→ **INPUT DATA**
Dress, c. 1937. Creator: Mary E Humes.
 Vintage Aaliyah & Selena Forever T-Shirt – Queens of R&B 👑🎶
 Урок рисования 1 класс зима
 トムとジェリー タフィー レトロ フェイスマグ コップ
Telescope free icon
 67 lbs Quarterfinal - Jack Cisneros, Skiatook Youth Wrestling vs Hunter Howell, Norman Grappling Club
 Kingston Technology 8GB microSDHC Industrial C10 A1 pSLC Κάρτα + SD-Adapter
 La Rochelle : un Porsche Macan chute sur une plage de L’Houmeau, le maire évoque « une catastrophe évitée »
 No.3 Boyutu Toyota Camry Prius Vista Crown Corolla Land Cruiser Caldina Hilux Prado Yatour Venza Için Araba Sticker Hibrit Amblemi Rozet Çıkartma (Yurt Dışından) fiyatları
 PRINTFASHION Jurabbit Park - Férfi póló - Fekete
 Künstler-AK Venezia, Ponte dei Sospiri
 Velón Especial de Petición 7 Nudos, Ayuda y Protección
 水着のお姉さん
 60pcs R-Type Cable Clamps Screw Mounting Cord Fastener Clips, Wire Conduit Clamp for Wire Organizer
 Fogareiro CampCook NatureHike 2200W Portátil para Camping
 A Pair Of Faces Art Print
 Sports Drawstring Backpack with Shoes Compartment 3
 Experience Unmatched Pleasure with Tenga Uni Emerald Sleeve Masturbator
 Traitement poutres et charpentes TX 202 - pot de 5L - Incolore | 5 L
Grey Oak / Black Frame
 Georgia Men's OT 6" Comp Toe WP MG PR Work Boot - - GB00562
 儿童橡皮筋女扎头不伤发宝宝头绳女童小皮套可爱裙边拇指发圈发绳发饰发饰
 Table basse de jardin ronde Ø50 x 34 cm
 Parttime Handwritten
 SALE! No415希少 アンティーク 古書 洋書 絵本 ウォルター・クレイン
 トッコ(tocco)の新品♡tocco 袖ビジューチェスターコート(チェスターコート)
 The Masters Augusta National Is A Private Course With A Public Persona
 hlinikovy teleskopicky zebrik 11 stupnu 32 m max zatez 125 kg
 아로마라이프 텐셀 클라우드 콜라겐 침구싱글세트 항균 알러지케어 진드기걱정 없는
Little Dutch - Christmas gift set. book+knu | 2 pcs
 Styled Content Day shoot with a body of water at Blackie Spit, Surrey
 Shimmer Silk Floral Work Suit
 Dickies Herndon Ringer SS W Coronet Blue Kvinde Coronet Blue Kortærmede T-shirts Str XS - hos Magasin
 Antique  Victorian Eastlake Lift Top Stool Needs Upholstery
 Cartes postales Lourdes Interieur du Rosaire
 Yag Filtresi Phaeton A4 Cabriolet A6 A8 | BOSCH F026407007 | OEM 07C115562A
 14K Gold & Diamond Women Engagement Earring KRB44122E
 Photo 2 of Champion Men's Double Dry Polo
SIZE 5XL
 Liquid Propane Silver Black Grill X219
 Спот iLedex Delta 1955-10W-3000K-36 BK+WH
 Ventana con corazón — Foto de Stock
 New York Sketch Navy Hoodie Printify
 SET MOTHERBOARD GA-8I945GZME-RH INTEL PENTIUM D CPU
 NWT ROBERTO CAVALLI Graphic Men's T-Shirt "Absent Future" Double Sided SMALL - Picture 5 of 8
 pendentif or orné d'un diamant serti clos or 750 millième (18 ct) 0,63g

→ **EXERCISE OBJECTIVE**
Retype the material in full, keeping each line exactly as it is.

→ **ANSWER FOR THE TASK**
Dress, c. 1937. Creator: Mary E Humes.
 Vintage Aaliyah & Selena Forever T-Shirt – Queens of R&B 👑🎶
 Урок рисования 1 класс зима
 トムとジェリー タフィー レトロ フェイスマグ コップ
Telescope free icon
 67 lbs Quarterfinal - Jack Cisneros, Skiatook Youth Wrestling vs Hunter Howell, Norman Grappling Club
 Kingston Technology 8GB microSDHC Industrial C10 A1 pSLC Κάρτα + SD-Adapter
 La Rochelle : un Porsche Macan chute sur une plage de L’Houmeau, le maire évoque « une catastrophe évitée »
 No.3 Boyutu Toyota Camry Prius Vista Crown Corolla Land Cruiser Caldina Hilux Prado Yatour Venza Için Araba Sticker Hibrit Amblemi Rozet Çıkartma (Yurt Dışından) fiyatları
 PRINTFASHION Jurabbit Park - Férfi póló - Fekete
 Künstler-AK Venezia, Ponte dei Sospiri
 Velón Especial de Petición 7 Nudos, Ayuda y Protección
 水着のお姉さん
 60pcs R-Type Cable Clamps Screw Mounting Cord Fastener Clips, Wire Conduit Clamp for Wire Organizer
 Fogareiro CampCook NatureHike 2200W Portátil para Camping
 A Pair Of Faces Art Print
 Sports Drawstring Backpack with Shoes Compartment 3
 Experience Unmatched Pleasure with Tenga Uni Emerald Sleeve Masturbator
 Traitement poutres et charpentes TX 202 - pot de 5L - Incolore | 5 L
Grey Oak / Black Frame
 Georgia Men's OT 6" Comp Toe WP MG PR Work Boot - - GB00562
 儿童橡皮筋女扎头不伤发宝宝头绳女童小皮套可爱裙边拇指发圈发绳发饰发饰
 Table basse de jardin ronde Ø50 x 34 cm
 Parttime Handwritten
 SALE! No415希少 アンティーク 古書 洋書 絵本 ウォルター・クレイン
 トッコ(tocco)の新品♡tocco 袖ビジューチェスターコート(チェスターコート)
 The Masters Augusta National Is A Private Course With A Public Persona
 hlinikovy teleskopicky zebrik 11 stupnu 32 m max zatez 125 kg
 아로마라이프 텐셀 클라우드 콜라겐 침구싱글세트 항균 알러지케어 진드기걱정 없는
Little Dutch - Christmas gift set. book+knu | 2 pcs
 Styled Content Day shoot with a body of water at Blackie Spit, Surrey
 Shimmer Silk Floral Work Suit
 Dickies Herndon Ringer SS W Coronet Blue Kvinde Coronet Blue Kortærmede T-shirts Str XS - hos Magasin
 Antique  Victorian Eastlake Lift Top Stool Needs Upholstery
 Cartes postales Lourdes Interieur du Rosaire
 Yag Filtresi Phaeton A4 Cabriolet A6 A8 | BOSCH F026407007 | OEM 07C115562A
 14K Gold & Diamond Women Engagement Earring KRB44122E
 Photo 2 of Champion Men's Double Dry Polo
SIZE 5XL
 Liquid Propane Silver Black Grill X219
 Спот iLedex Delta 1955-10W-3000K-36 BK+WH
 Ventana con corazón — Foto de Stock
 New York Sketch Navy Hoodie Printify
 SET MOTHERBOARD GA-8I945GZME-RH INTEL PENTIUM D CPU
 NWT ROBERTO CAVALLI Graphic Men's T-Shirt "Absent Future" Double Sided SMALL - Picture 5 of 8
 pendentif or orné d'un diamant serti clos or 750 millième (18 ct) 0,63g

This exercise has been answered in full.